Pretend I'm Human (NG Records)
By: Alex Steininger
Led by Chaka Malis, Orange 9MM parallel the city in which they come from, New York. They can be dirty and rough, cold and powerful, or big and bold. Their music is heavily populated with various sounds, both complex and simple, as they drive forward with splitting riffs every second of each song. On their first album in three years, the band comes back in full force and knocks you on their ass with pure, adrenaline filled hard rock.
From the sharp slice of the guitars on "When You Lie," to the yelling and screaming, Orange 9MM waste no time in making sure you haven't forgotten what they're all about. The bass is the center focus (besides the vocals), kicking out some of the meatiest, hardest beats you're ever likely to hear.
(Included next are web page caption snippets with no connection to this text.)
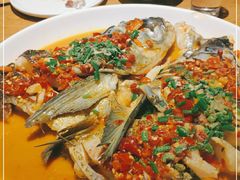 -丰乐餐厅·始于1999·本地老字号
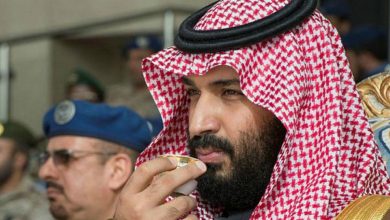 تصویر از محمد بن سلمان، فرود آمدن از عرش رویا بر فرش واقعیت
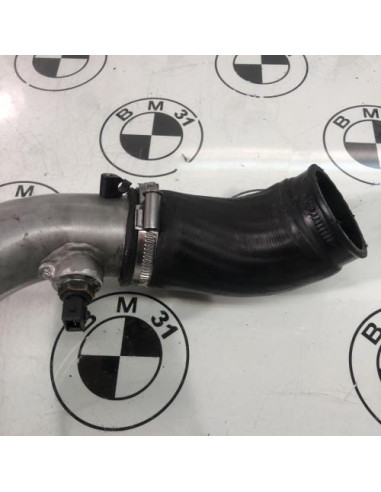 Conduite d'air BMW SERIE 3 E46 PHASE 1 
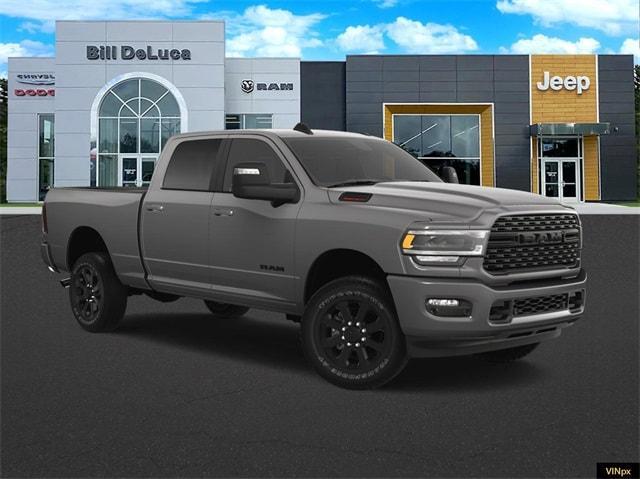 new 2024 Ram 2500 car, priced at $65,802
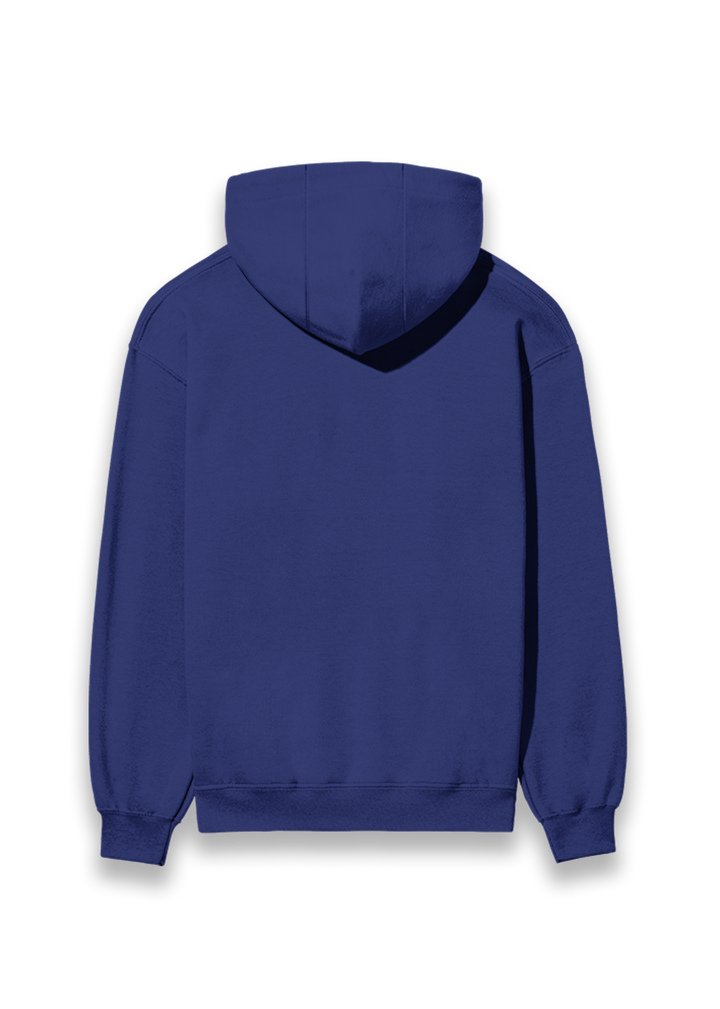 Stylish AdrenaLION Classic Hoodie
The vocalist switches from rapping to screaming in a matter of a few seconds, and when the drums are going non-stop like they do, there is nothing that can stop them.
"Touching Skies" finds you listening to a completely different Orange 9MM, yet it is still unmistakably them. The soft guitar and fluttering rhythm section, coupled with the gentle singing and only slightly edged rapping, allows you time to rest and lets the band prove the vocalist can rap, and doesn't just yell throughout the album. A steady groove lines the song; the gentleness of the song allows you to sit back and feel the grooves. But, with a band this brutal, that doesn't last too long.
The title track brings back the chainsaw guitars and lethal rhythm section that beats at the heart of every song on this disc. "Innocence" is a weird song, especially for this band. The song is basically light percussion in the background and the occasional slice of the guitar until halfway through the song when they decide to put all the instruments to work. Then they fade out again and let the whispers close out the song. Honestly, the song is too long and too far removed from the band's powerhouse sound to really get into. Its length and erratic nature are just too dull.
"Tight Rope" is another erratic number on the album. Led by a piano, and featuring strings, the beauty of the song is masked by a dark, heavy feel, which isn't really present except in the vocals when they're present. However, unlike "Innocence," the band finds common ground on this one and is able to pull it off.
Back with a bang, as well as a few numbers that will either cause a heart attack or make you even more of a fan, Orange 9MM's latest is a hard rockin', rap-influenced album with a sensitive side. And, they're definitely not afraid to show the sensitive nerves when they're present, you got to acknowledge them for that. I'll give this album a B-.